Material provided section start

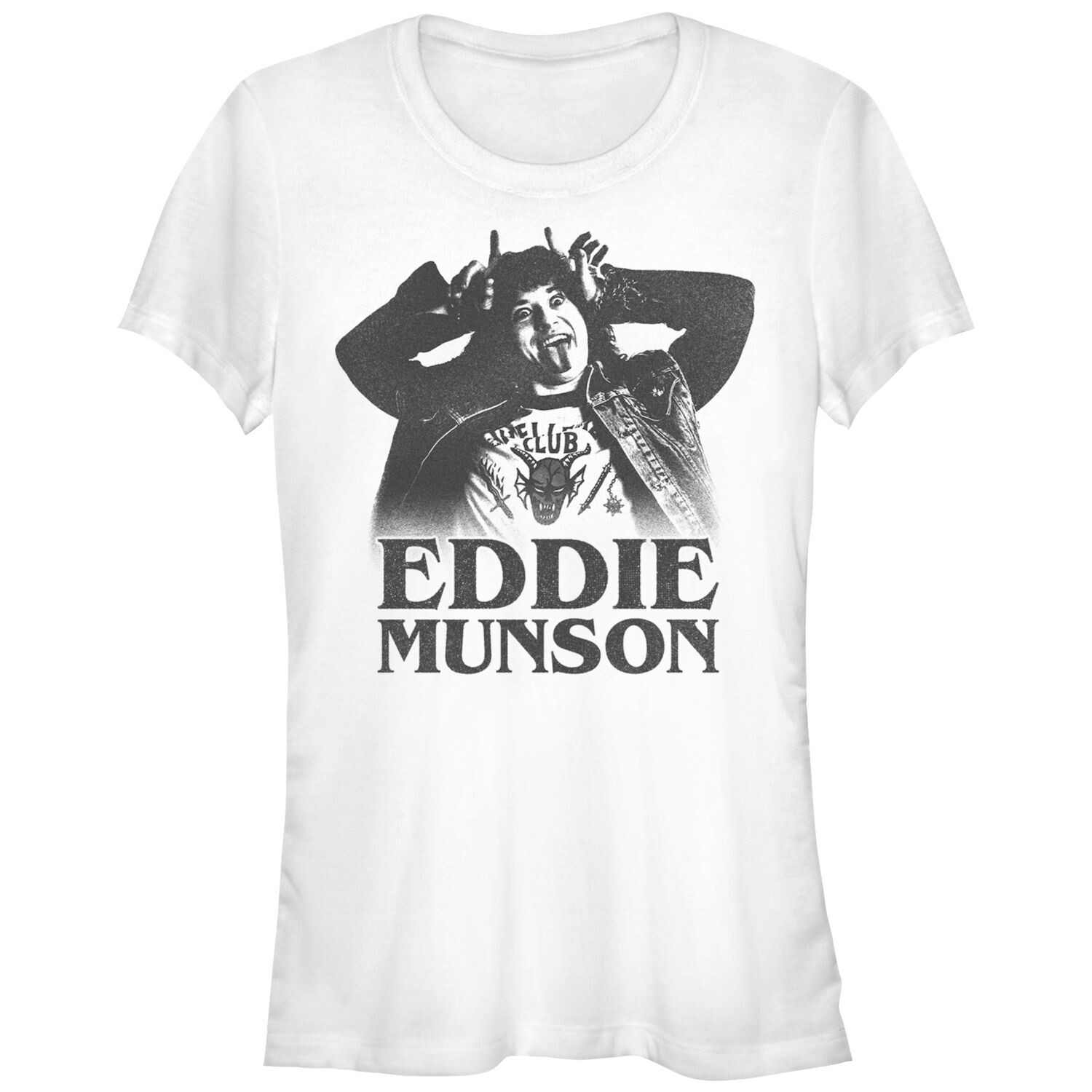 Футболка с графическим рисунком Eddie Horns BW для юниоров «Очень странные дела» Licensed Character
Футболка с графическим рисунком Eddie Horns BW для юниоров «Очень странные дела» Licensed Character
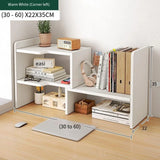 Obbty Desk Bookshelf Desktop Shelving Desk Storage Shelf Dormitory Good Learning Desk Multi-layer Small Layer Shelf Layered Shelf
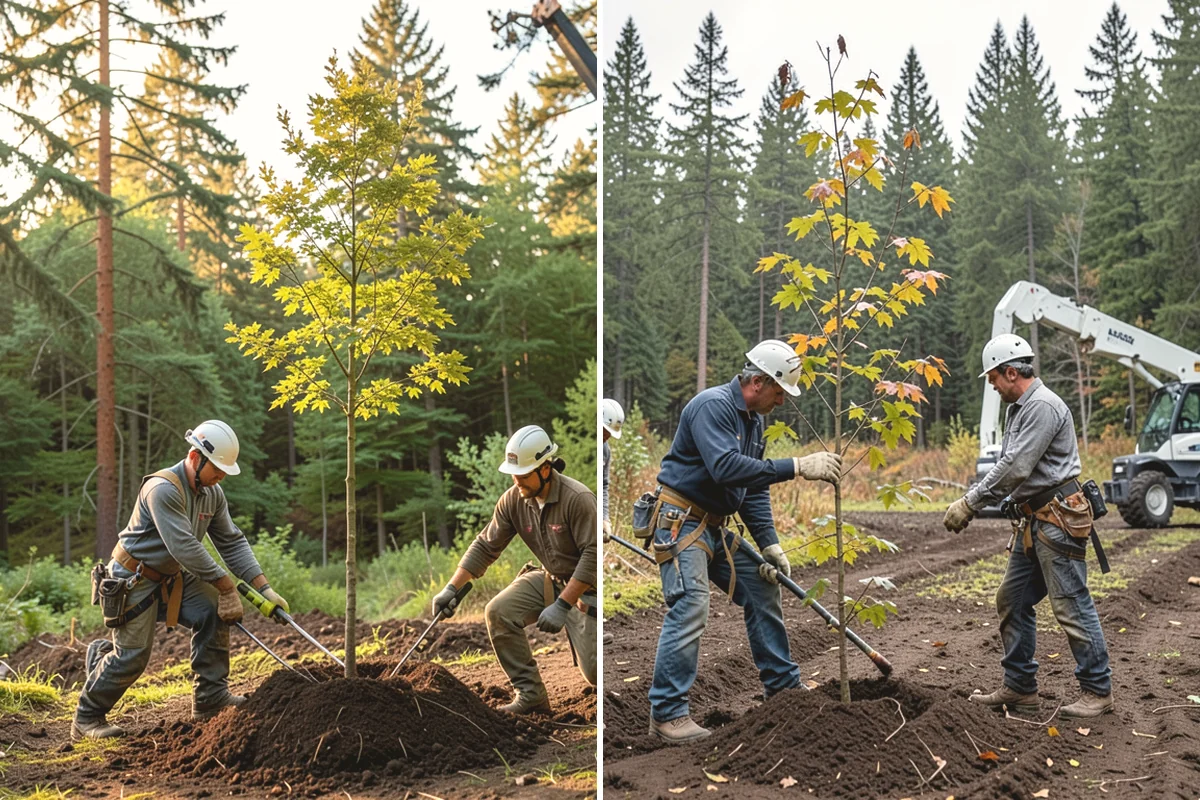 Driveway clearance pruning in Burien, King County, WA - Assess canopy condition and pruning objectives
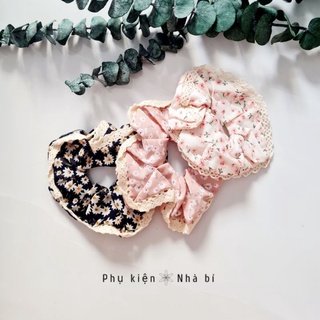 Cột tóc vải Nhà bí
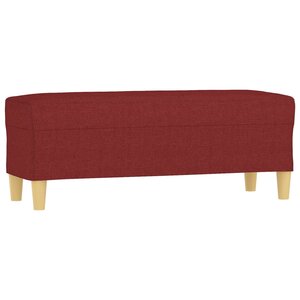 vidaXL Banc Rouge bordeaux 100x35x41 cm Tissu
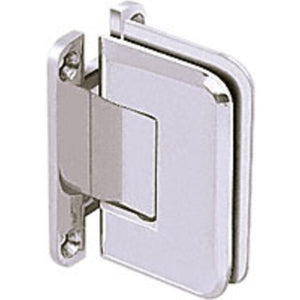 Shower Door Pinnacle Series Wall Mount Full Back Plate Standard Hinge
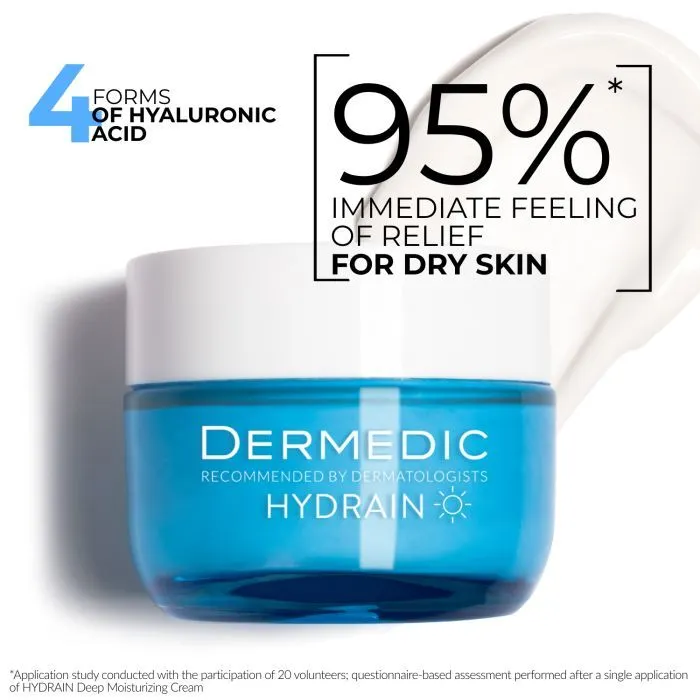 Крем для обличчя Dermedic Hydrain 3 Hialuro Глибокого зволоження Денний 50 г (5901643176280) зображення 3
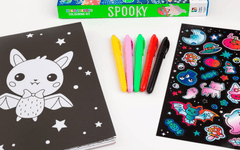 Hinkler Kaleidoscope Spooky Colouring Kit HBM00037 - Colorland Toys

Material provided section end

» **Task to carry out**: Repeat each entry above exactly. Omit the pictures.

» **Answer**:
 Футболка с графическим рисунком Eddie Horns BW для юниоров «Очень странные дела» Licensed Character
Футболка с графическим рисунком Eddie Horns BW для юниоров «Очень странные дела» Licensed Character
 Obbty Desk Bookshelf Desktop Shelving Desk Storage Shelf Dormitory Good Learning Desk Multi-layer Small Layer Shelf Layered Shelf
 Driveway clearance pruning in Burien, King County, WA - Assess canopy condition and pruning objectives
 Cột tóc vải Nhà bí
 vidaXL Banc Rouge bordeaux 100x35x41 cm Tissu
 Shower Door Pinnacle Series Wall Mount Full Back Plate Standard Hinge
 Крем для обличчя Dermedic Hydrain 3 Hialuro Глибокого зволоження Денний 50 г (5901643176280) зображення 3
 Hinkler Kaleidoscope Spooky Colouring Kit HBM00037 - Colorland Toys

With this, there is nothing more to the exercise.